Filme moderno este que nos mostra a importância da memória e de que esta não tem preço. “Aquarius” insiste na persistência da memória, que é o mais valioso que temos. O apartamento, onde viveu grande parte da sua vida, é tudo o que resta a Clara, que guarda memórias de várias gerações da sua família. Clara quer salvar essas memórias ali vividas no apartamento, assim como as centenas de vinis que ela tem em casa, que guardam memórias únicas. Naquela casa viveu com o marido e viu os seus três filhos crescer. Ela envelhece, a cidade cresce e à volta muitos dos edifícios já não são os mesmos. São blocos de betão, arranha ceús de luxo que fazem sombra na única resistente, Clara. O edifício Aquarius é um fantasma, mas Clara nega. Poderá ser até um fantasma, mas está vivo. Clara é uma resistente, uma lutadora (combateu e sobreviveu a um cancro), que tem a liberdade de dizer ‘não’, a coragem e um direito que infelizmente nem todos temos, de dizer ‘não’. Não me vão corromper.
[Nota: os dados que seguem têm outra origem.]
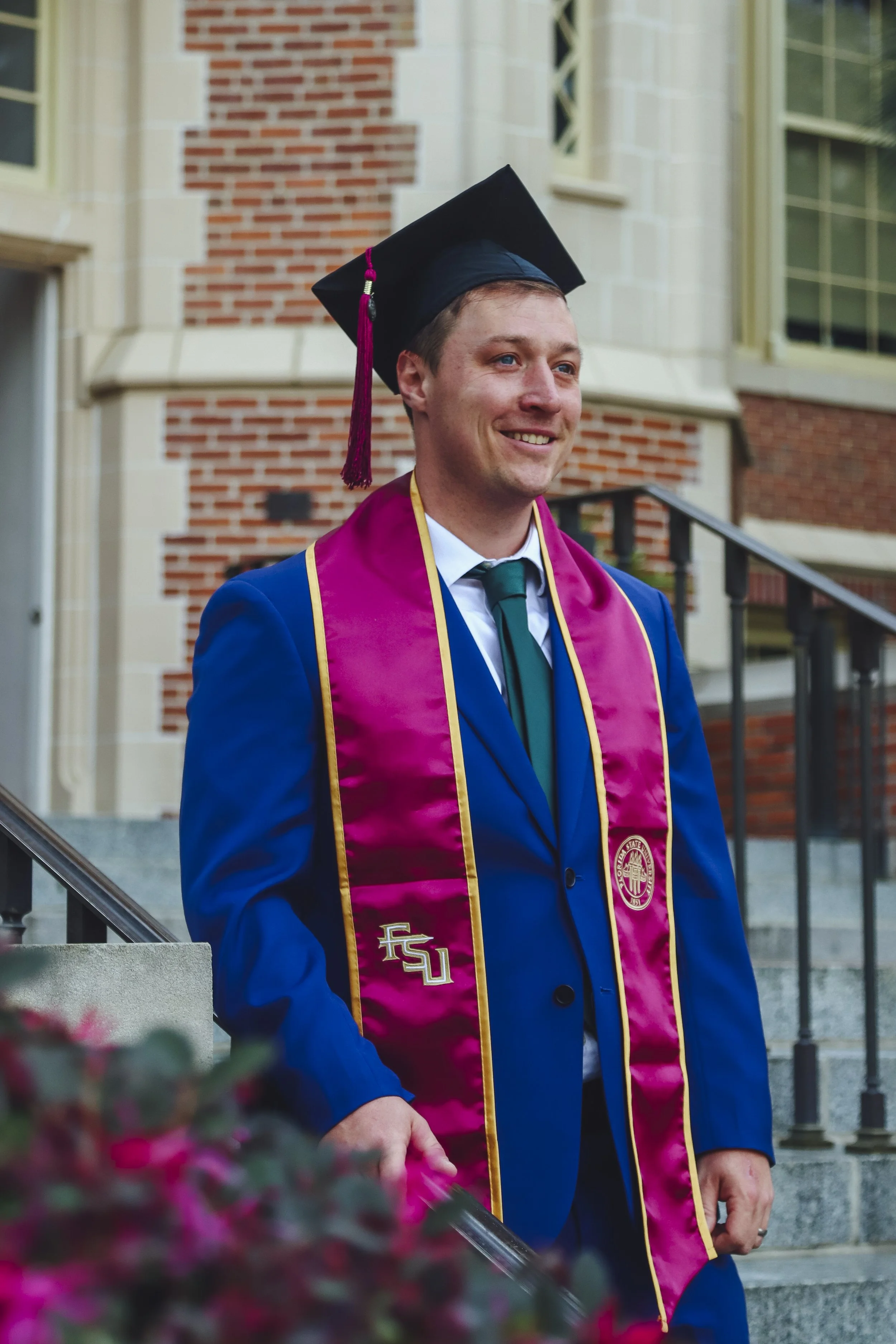 Happy Graduation John!-8.jpg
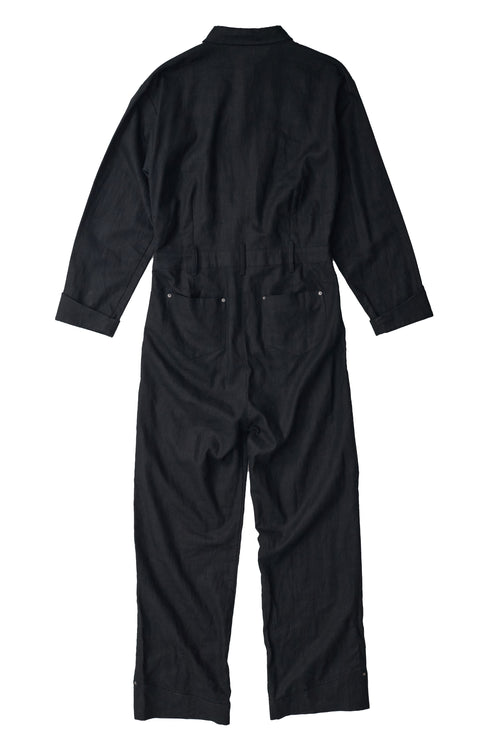 ARMATURA JUMPSUIT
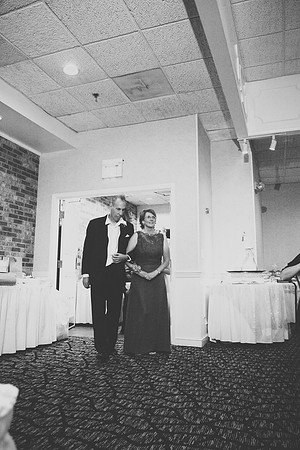 RECEPTION-68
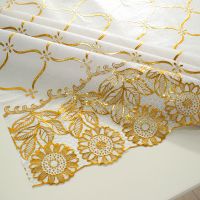 正方形桌布八仙桌四人方桌布防水防油防烫麻将桌布pvc塑料餐桌布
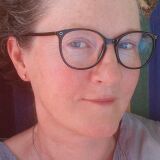 Photo de profil de Catherine Choserot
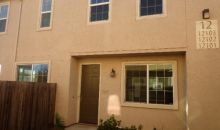 7515 Sheldon Road Unit 12101 Elk Grove, CA 95758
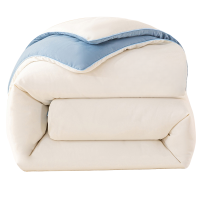 晨磊被子8斤/床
Não me vão comprar. Não decidem a minha vida. Por tudo isto Clara acaba por ser uma heróica. Teve a coragem de fazer frente ao sistema, ao poder. Mas Kleber podia ter ido mais longe com toda esta resistência, para que a mensagem política fosse mais forte e direta. Teria sido um filme ainda melhor.
Entre o passado e presente ficamos agarrados à personagem de Clara, soberbamente bem interpretada por Sonia Braga. Expõe-nos uma mulher independente e de espírito livre, que faz o espectador identificar-se com ela e ser a nossa voz de luta. Digamos que Clara traz no corpo as marcas do seu tempo, o desespero, a vida no momento, como cantava Taiguara na música “Hoje”. Banda Sonora, argumento e montagem estão muito bem conseguidos neste que é um melodrama realista e atual, que acaba por pontuar, com pequenos detalhes, o preconceito (orientação sexual, racismo e estatuto social).
Este é um filme moderno, um retrato político, por não mostrar um Brasil dominado pela violência e crime de rua, mas sim por algo mais complexo e sério, o crime e a corrupção do sistema, do dinheiro e do poder das grandes empresas. Algo que, por exemplo, “Tropa de Elite 2” tentou descortinar, e bem, a corrupção do próprio sistema. Em “Aquarius” não há esse tipo de violência, mas há uma construção do medo, uma constante incerteza. Uma procura de um caminho.
Realização: Kleber Mendonça Filho
Argumento: Kleber Mendonça Filho
Elenco: Sonia Braga, Maeve Jinkings, Irandhir Santos
Brasil/2016 – Drama
Sinopse: Clara, uma viúva de 65 anos, crítica de música reformada, nasceu numa família rica e tradicional no Recife, Brasil. Ela é a última residente do Aquarius, um edifício construído nos anos 40, na zona cara junto ao mar da Avenida Boa Viagem, Recife. Todos os apartamentos vizinhos já foram adquiridos pela empresa que apresentou projetos para construir um novo empreendimento. Clara jura que só sairá dali morta e entra numa guerra fria com a empresa, num confronto obscuro, assustador e emocionalmente desgastante. Esta tensão não só perturba Clara como torna as suas rotinas exasperantes, levando-a refletir sobre si e aqueles que ama, o seu passado e o seu futuro.